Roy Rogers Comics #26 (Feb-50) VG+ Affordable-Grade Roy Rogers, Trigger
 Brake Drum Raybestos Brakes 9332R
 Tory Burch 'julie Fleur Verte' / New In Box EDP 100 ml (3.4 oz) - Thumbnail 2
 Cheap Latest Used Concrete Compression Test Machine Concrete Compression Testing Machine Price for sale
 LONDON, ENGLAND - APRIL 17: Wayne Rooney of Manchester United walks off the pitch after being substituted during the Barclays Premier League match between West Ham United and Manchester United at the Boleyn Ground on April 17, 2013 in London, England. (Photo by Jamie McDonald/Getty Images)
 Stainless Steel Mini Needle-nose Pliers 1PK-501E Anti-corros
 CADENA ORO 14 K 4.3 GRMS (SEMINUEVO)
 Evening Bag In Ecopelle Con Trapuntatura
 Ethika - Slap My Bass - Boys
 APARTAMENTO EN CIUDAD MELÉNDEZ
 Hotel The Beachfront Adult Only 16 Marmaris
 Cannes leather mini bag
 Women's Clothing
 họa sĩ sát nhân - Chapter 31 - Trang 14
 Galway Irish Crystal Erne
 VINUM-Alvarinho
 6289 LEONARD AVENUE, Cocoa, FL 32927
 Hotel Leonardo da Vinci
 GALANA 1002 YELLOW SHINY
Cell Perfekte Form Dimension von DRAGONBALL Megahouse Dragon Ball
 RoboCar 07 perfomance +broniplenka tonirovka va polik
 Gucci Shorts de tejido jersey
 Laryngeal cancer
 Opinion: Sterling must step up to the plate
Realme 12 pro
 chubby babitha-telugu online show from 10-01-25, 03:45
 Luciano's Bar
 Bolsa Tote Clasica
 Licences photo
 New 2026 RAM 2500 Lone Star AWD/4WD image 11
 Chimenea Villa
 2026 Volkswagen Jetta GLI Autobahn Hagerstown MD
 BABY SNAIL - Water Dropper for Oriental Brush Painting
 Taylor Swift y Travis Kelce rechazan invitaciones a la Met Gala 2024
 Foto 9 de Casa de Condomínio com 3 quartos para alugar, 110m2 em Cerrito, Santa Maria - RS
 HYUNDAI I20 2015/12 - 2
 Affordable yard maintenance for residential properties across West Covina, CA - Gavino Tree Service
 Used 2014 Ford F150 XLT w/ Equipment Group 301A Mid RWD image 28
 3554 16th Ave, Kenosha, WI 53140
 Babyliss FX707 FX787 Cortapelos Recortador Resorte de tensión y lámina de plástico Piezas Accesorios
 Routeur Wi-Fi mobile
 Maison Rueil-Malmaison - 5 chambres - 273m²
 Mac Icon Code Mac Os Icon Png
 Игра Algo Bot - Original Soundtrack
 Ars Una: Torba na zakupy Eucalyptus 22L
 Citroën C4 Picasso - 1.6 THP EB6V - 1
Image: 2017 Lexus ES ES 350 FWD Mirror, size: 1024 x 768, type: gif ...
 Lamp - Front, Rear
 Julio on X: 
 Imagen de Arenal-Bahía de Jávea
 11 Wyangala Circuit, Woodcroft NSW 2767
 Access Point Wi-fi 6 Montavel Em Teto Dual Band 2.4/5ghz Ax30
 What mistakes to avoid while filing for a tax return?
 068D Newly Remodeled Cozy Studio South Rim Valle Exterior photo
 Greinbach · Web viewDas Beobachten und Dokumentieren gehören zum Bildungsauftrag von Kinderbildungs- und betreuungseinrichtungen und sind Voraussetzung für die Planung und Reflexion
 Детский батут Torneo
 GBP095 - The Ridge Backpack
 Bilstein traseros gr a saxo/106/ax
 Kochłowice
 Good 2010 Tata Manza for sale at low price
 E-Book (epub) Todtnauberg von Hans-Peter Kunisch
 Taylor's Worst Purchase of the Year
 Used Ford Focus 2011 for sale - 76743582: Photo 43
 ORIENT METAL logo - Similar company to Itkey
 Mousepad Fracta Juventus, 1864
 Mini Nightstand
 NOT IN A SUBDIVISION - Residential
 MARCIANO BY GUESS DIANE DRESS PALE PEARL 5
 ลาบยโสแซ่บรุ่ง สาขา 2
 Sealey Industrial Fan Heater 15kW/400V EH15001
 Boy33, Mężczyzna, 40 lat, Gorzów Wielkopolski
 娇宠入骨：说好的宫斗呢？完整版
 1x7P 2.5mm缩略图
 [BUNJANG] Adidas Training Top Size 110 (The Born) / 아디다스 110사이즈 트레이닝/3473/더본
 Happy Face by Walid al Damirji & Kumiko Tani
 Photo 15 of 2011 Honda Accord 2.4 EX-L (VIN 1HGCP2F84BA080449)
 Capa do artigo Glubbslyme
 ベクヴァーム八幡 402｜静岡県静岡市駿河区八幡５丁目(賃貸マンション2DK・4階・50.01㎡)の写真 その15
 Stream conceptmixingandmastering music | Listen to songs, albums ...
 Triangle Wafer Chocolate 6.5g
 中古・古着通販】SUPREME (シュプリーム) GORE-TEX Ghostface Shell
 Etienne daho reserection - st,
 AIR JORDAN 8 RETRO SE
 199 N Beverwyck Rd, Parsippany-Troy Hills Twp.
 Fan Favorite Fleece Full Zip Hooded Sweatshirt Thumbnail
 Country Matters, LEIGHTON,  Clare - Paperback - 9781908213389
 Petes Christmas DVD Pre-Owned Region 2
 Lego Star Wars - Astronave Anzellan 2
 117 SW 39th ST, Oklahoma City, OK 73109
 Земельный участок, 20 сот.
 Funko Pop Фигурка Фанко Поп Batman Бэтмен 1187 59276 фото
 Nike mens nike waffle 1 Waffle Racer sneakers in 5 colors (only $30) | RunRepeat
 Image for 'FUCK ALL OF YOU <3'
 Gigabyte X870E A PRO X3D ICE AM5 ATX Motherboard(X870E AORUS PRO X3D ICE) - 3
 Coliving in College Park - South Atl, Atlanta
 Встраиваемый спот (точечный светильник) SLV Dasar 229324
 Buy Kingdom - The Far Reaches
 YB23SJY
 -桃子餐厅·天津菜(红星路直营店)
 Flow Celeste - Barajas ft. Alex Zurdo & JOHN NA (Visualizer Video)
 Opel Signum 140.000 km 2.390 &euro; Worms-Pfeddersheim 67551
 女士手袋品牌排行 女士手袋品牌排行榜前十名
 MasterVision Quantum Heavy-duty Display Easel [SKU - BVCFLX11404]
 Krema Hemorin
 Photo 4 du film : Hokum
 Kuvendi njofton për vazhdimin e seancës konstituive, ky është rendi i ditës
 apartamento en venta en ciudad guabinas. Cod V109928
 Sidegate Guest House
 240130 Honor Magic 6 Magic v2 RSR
____________
_Brief_.
Start at the first line of the material. Reproduce every line exactly, ending with the line that holds "Cheap Latest Used".

_Solution_.
Roy Rogers Comics #26 (Feb-50) VG+ Affordable-Grade Roy Rogers, Trigger
 Brake Drum Raybestos Brakes 9332R
 Tory Burch 'julie Fleur Verte' / New In Box EDP 100 ml (3.4 oz) - Thumbnail 2
 Cheap Latest Used Concrete Compression Test Machine Concrete Compression Testing Machine Price for sale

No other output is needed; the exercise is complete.